Belle Isle is a nearly-1,000 acre park in the middle of the Detroit River. The park was designed by Frederick Law Olmstead, who was also responsible for Central Park in NYC. While Belle Isle Park is more than 100 acres larger, its annual budget is a mere $2.8 million — compared to Central Parks $43 million — for all physical upkeep and programs. Unfortunately this means that many of its wonderful resources are unavailable most of the week, or have closed for good: the aquarium, the zoo, the casino.

Following are some pictures of Belle Isle, and other things I like about Detroit.

Anna Scripps Whitcomb Conservatory

The Anna Scripps Whitcomb Conservatory, a greenhouse and botanical garden covering 13 acres. Designed by Detroit architect Albert Kahn, it opened in 1904 and is the nation’s oldest conservatory.


Cactus graffiti!

Nancy Brown Peace Carillon

The Nancy Brown Peace Carillon. In 1936—in the midst of the Depression that devastated and impoverished Detroit—Nancy Brown suggested that readers of her column, *Experience,* one of the US’ first personal advice columns, donate their nickels and dimes to build a Peace Carillon on Belle Isle. So many did so that this 850-foot Neo-Gothic tower was built less than 5 years later.

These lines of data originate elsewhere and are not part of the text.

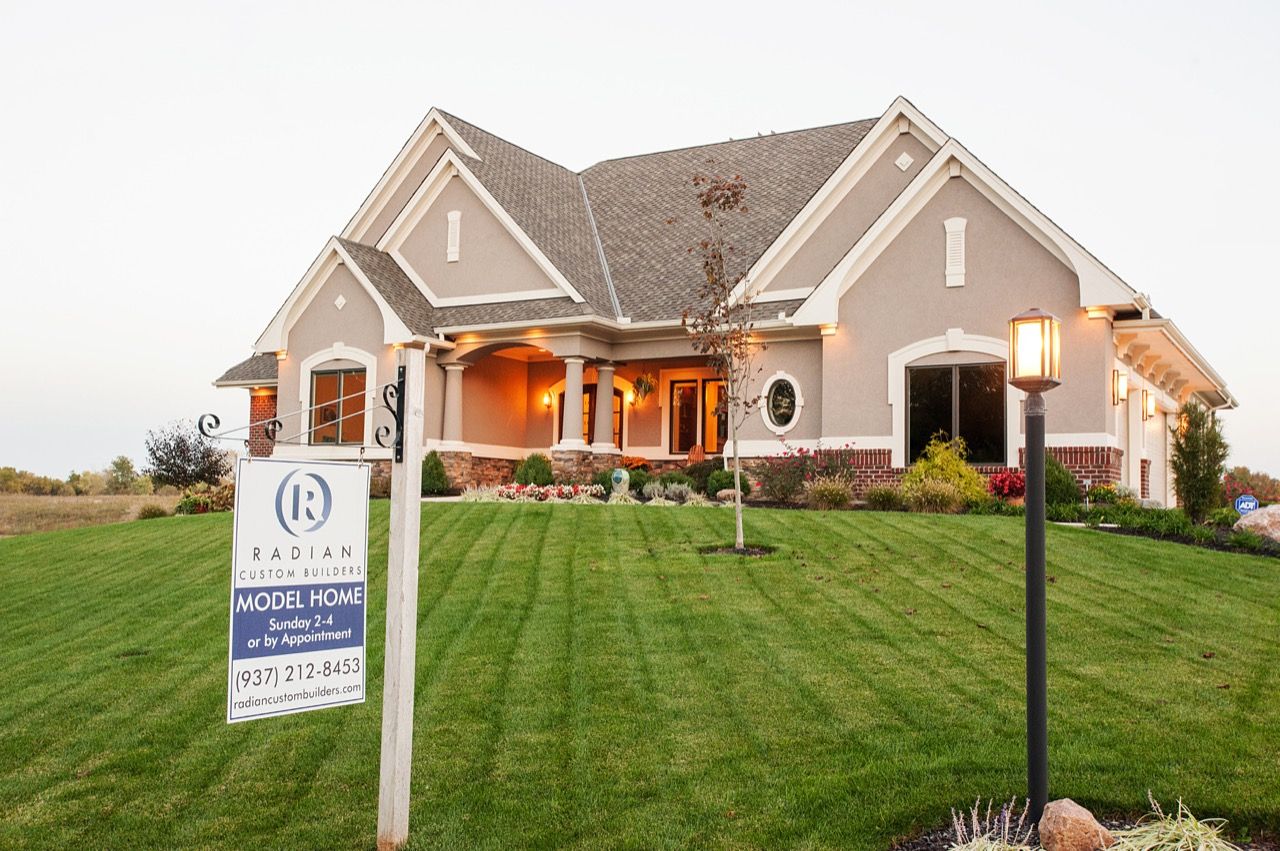 casa en Radian Custom Builders por Radian Custom Builders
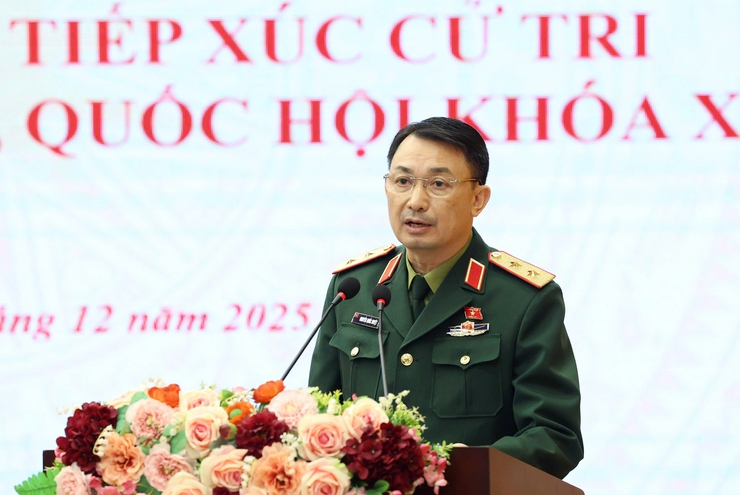 Party chief To Lam meets Hanoi voters after 10th session of 15th National Assembly- Ảnh 3.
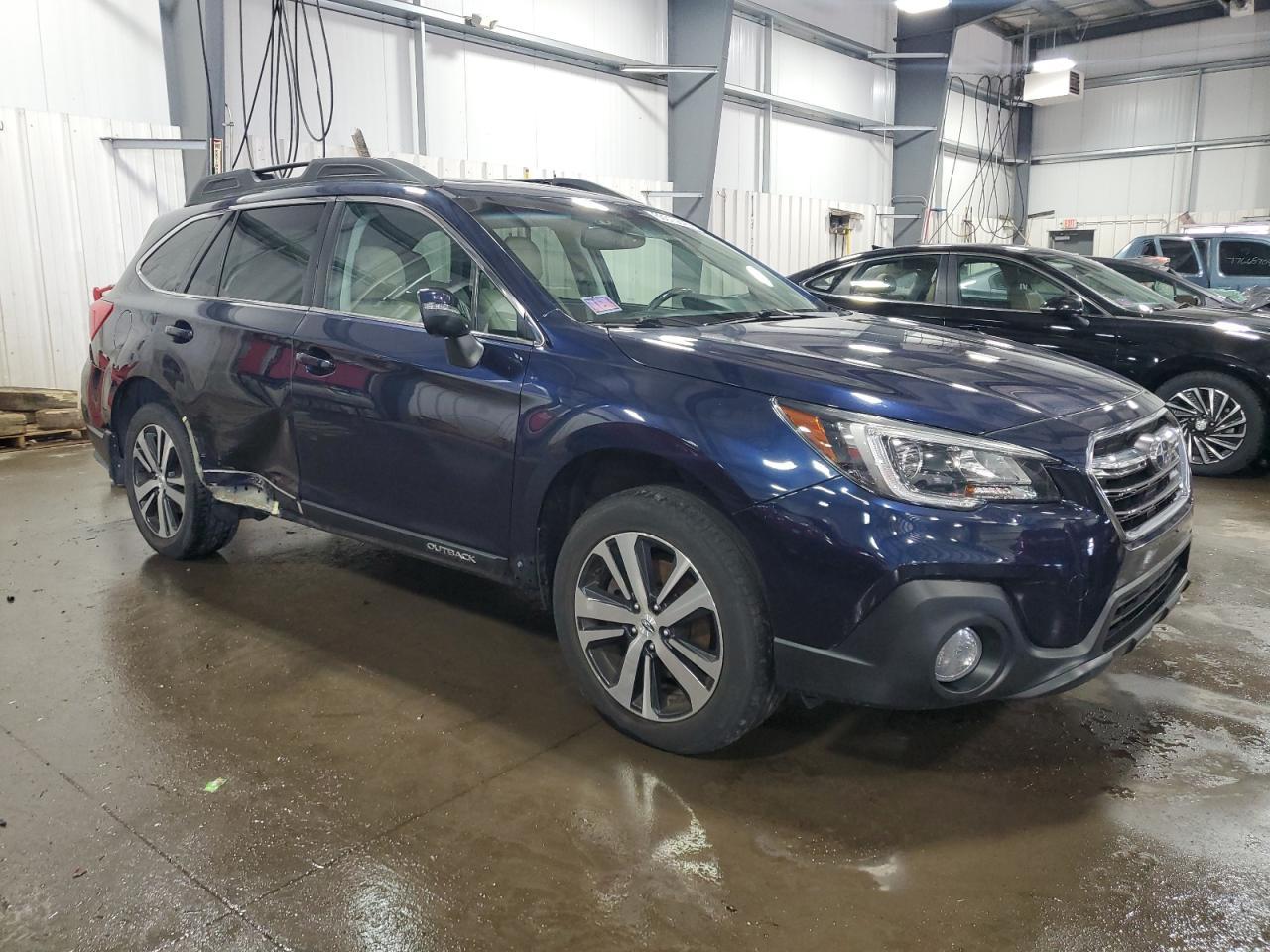 2018 Subaru Outback 2.5I Limited - Image 4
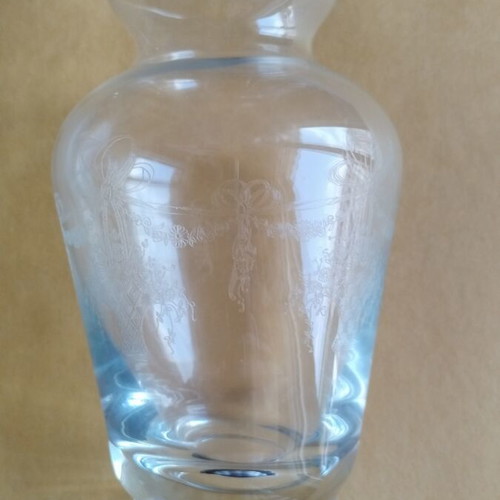 Crystal vase with engraved flowers new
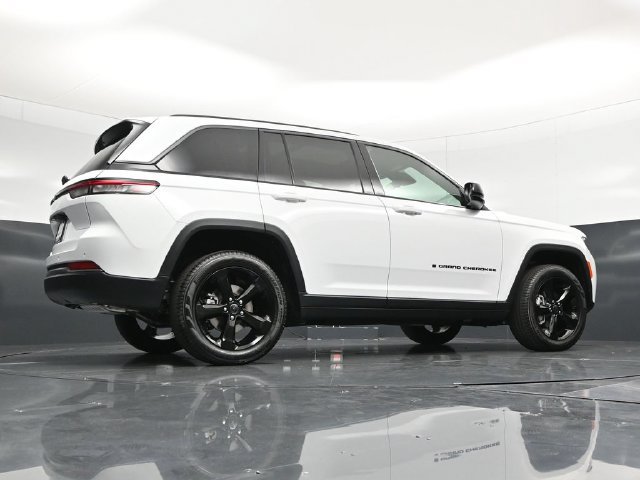 New 2027 Jeep Grand Cherokee Limited w/ Limited Altitude Package AWD/4WD image 57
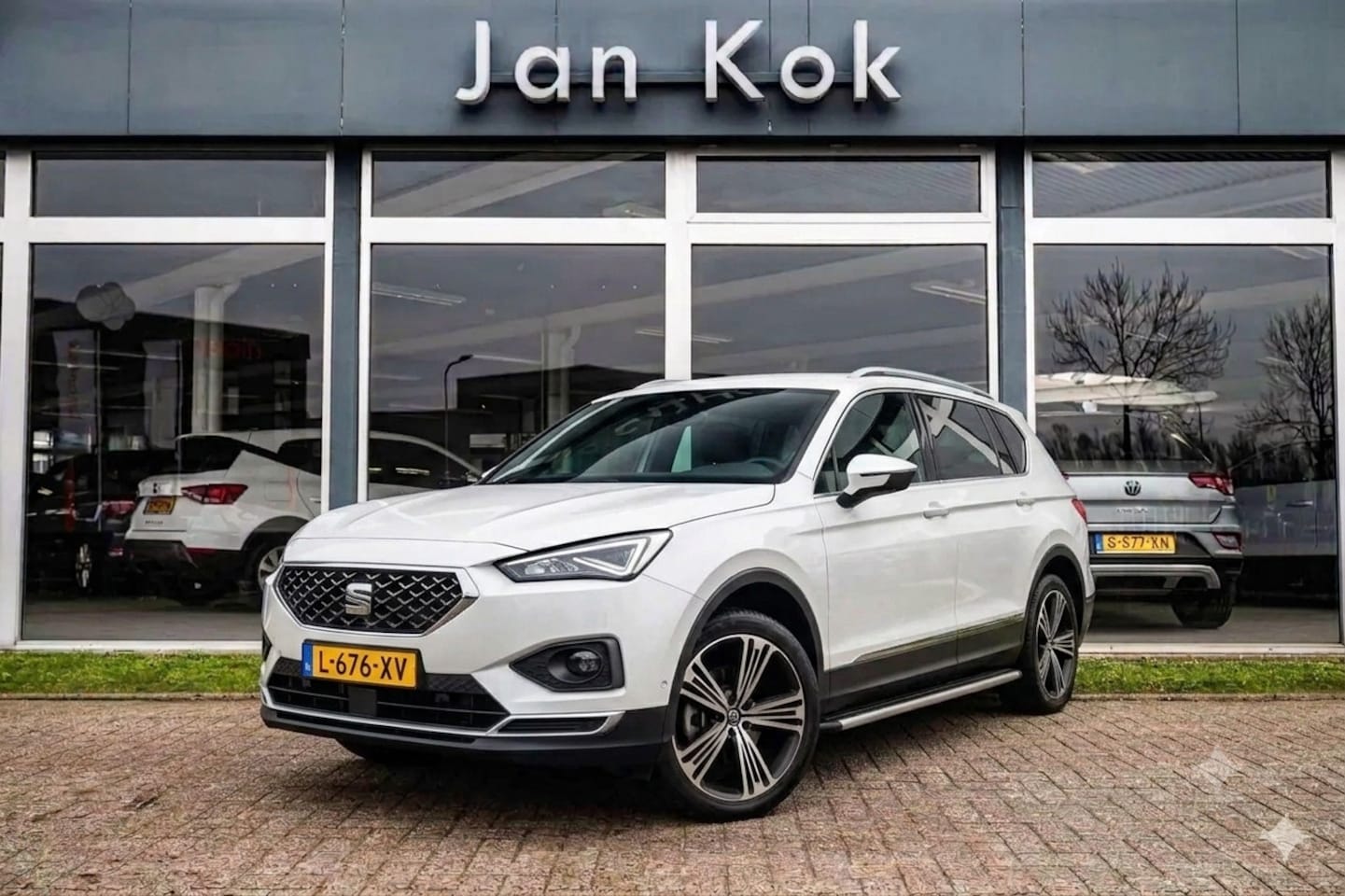 SEAT Tarraco - 1.5 TSi 150pk Xcellence Business 7p. | Elkr. Trekhaak | Panoramadak | 360° Camera - AutoWereld.nl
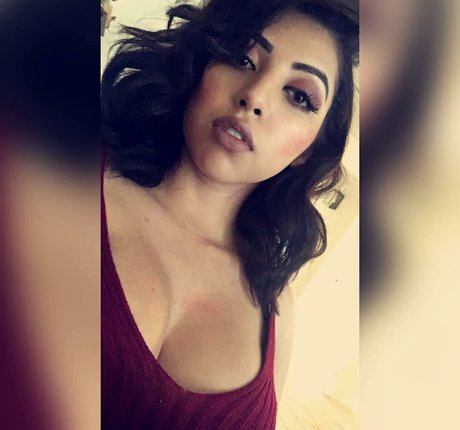 Sadd Pup model pornographic picture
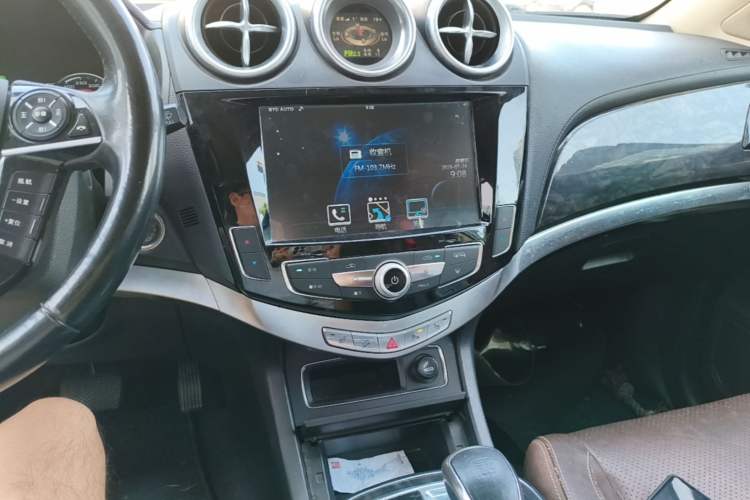Used BYD Tang New Energy 2015 2.0T Four-Wheel-Drive Flagship Model Audio And AC Panel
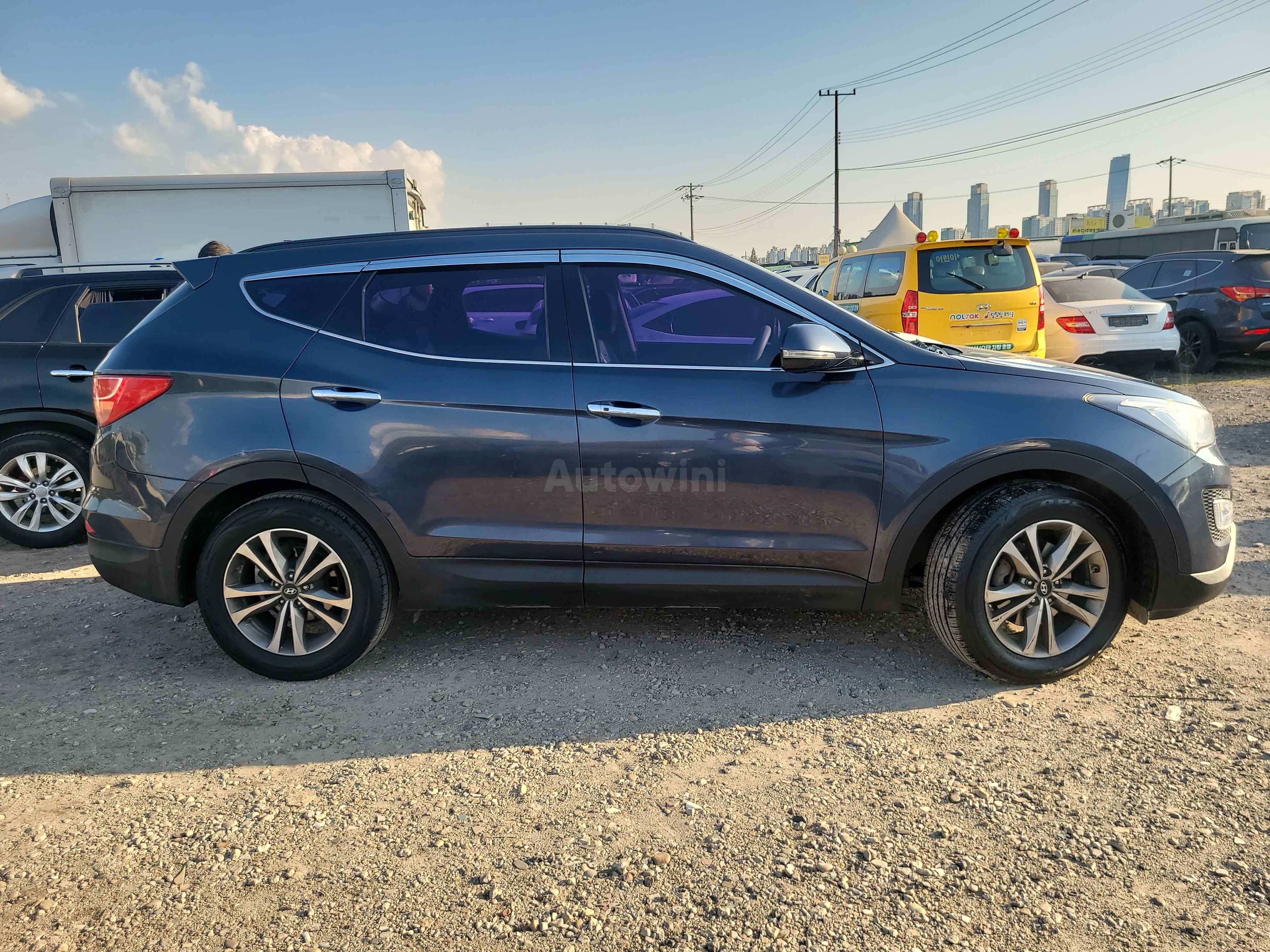 2015 HYUNDAI SANTAFE VIN: KMHSW81UBFU425022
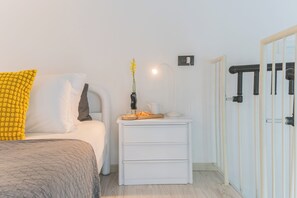 Apartment (1 Bedroom) | 1 bedroom, iron/ironing board, bed sheets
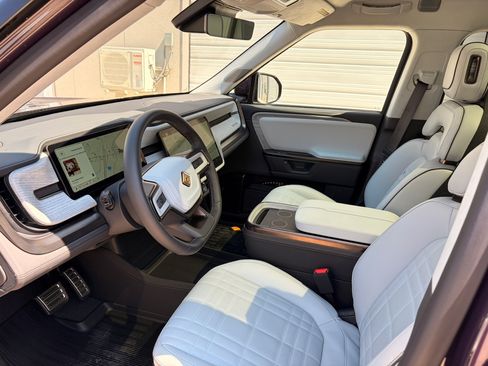 Used 2026 Rivian R1S Premium image 14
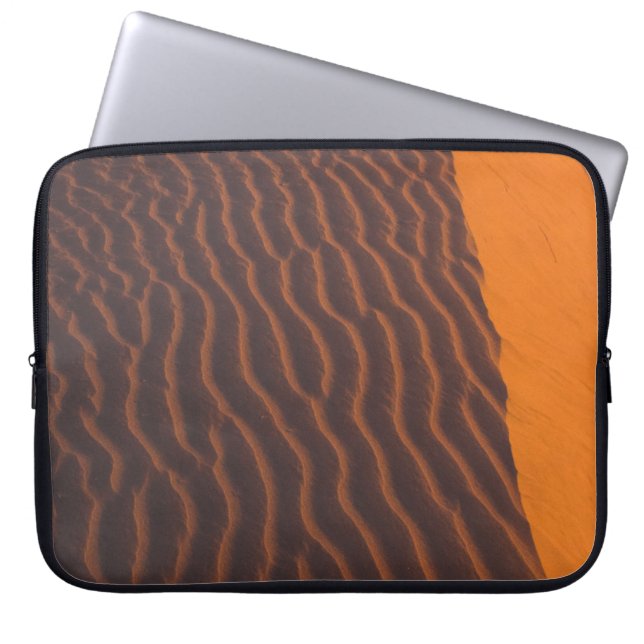 Luchtfoto van de woestijn laptop sleeve (Voorkant)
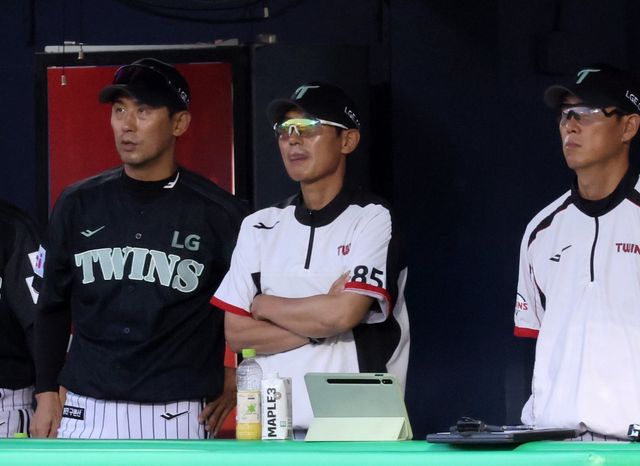 염경엽 LG 감독(가운데)은 전날(6일) 자신의 경기 운영을 반성에 대해 반성했다. 좀 더 냉정한 운영으로 승리 확률을 높이고자 다짐했다.｜뉴시스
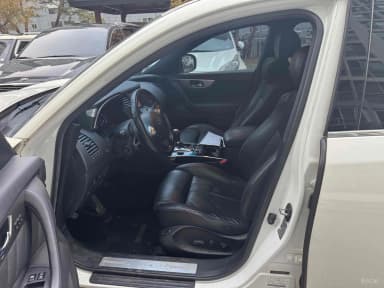 QX70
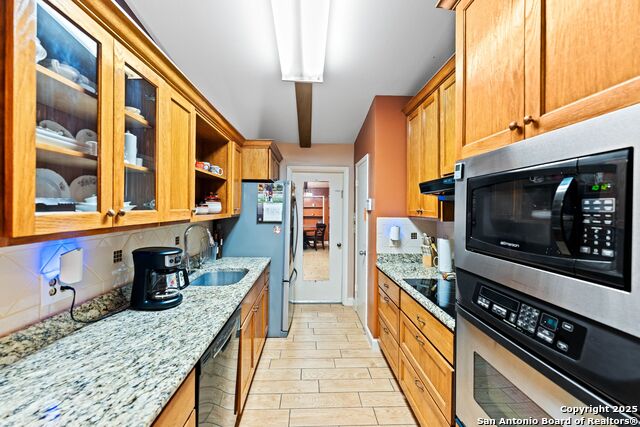 Image 12 of 33 For 4015 Hillswind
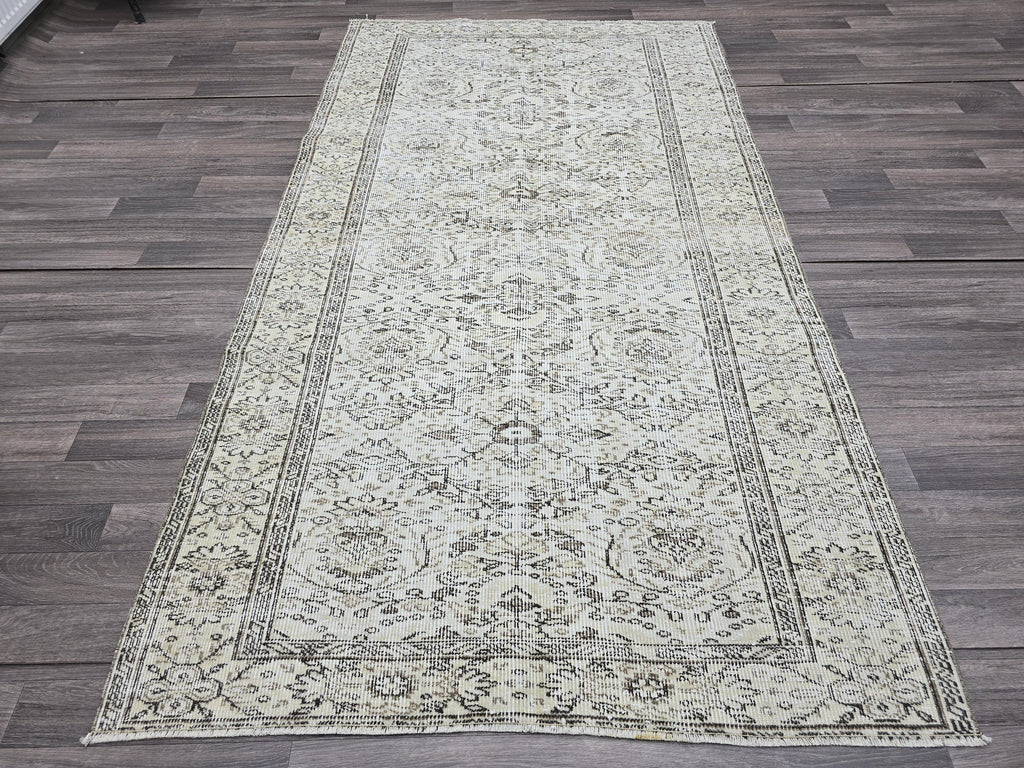 5x8 Vintage Handknotted Anatolian Rug: Cream Beige Wool Oriental Carpet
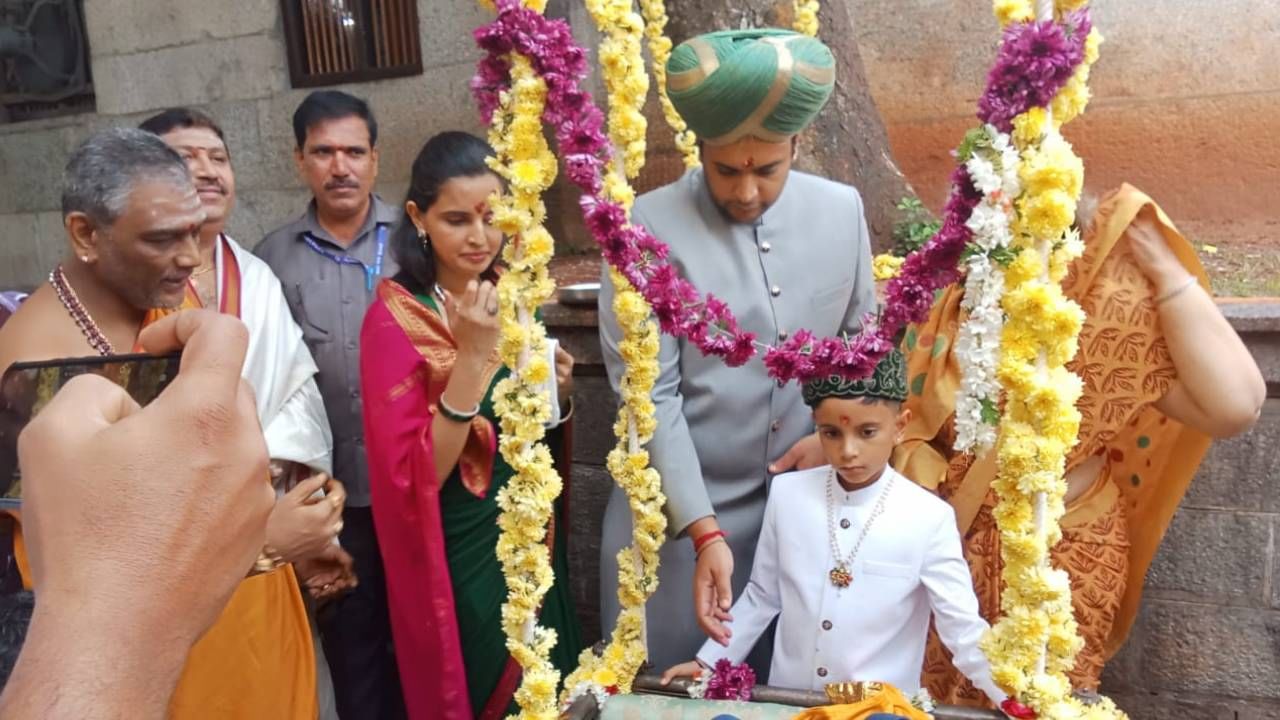 ಪ್ರಮೋದಾದೇವಿ ಸಮ್ಮುಖದಲ್ಲಿ ಯದುವೀರ್​​​ ಎರಡನೇ ಮಗುವಿಗೆ ನಾಮಕರಣ: ಪುಟ್ಟ ರಾಜಕುಮಾರನ ಹೆಸರೇನು ಗೊತ್ತಾ?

The abandoned Belle Isle Zoo. For more great pictures, see http://detroitfunk.com/?p=2166.

Wild dog on Belle Isle. While staying in downtown Detroit, near the Woodbridge neighborhood, I went out to the corner store and saw pheasants. Who out there has written interesting stuff about Detroit rewilding? Anyone know?


More things (not on Belle Isle) I Like About Detroit:

The Milner Hotel: One of the few independent hotels left in Detroit’s downtown. Alas, I stayed there in the last week they were open. In October 2012, the hotel closed and is being converted into condos (boo). Opened in 1917 during Detroit’s boom years as part of a national chain, the Milner then advertised itself with the slogan, “A Bed and a Bath for a Buck and a Half.”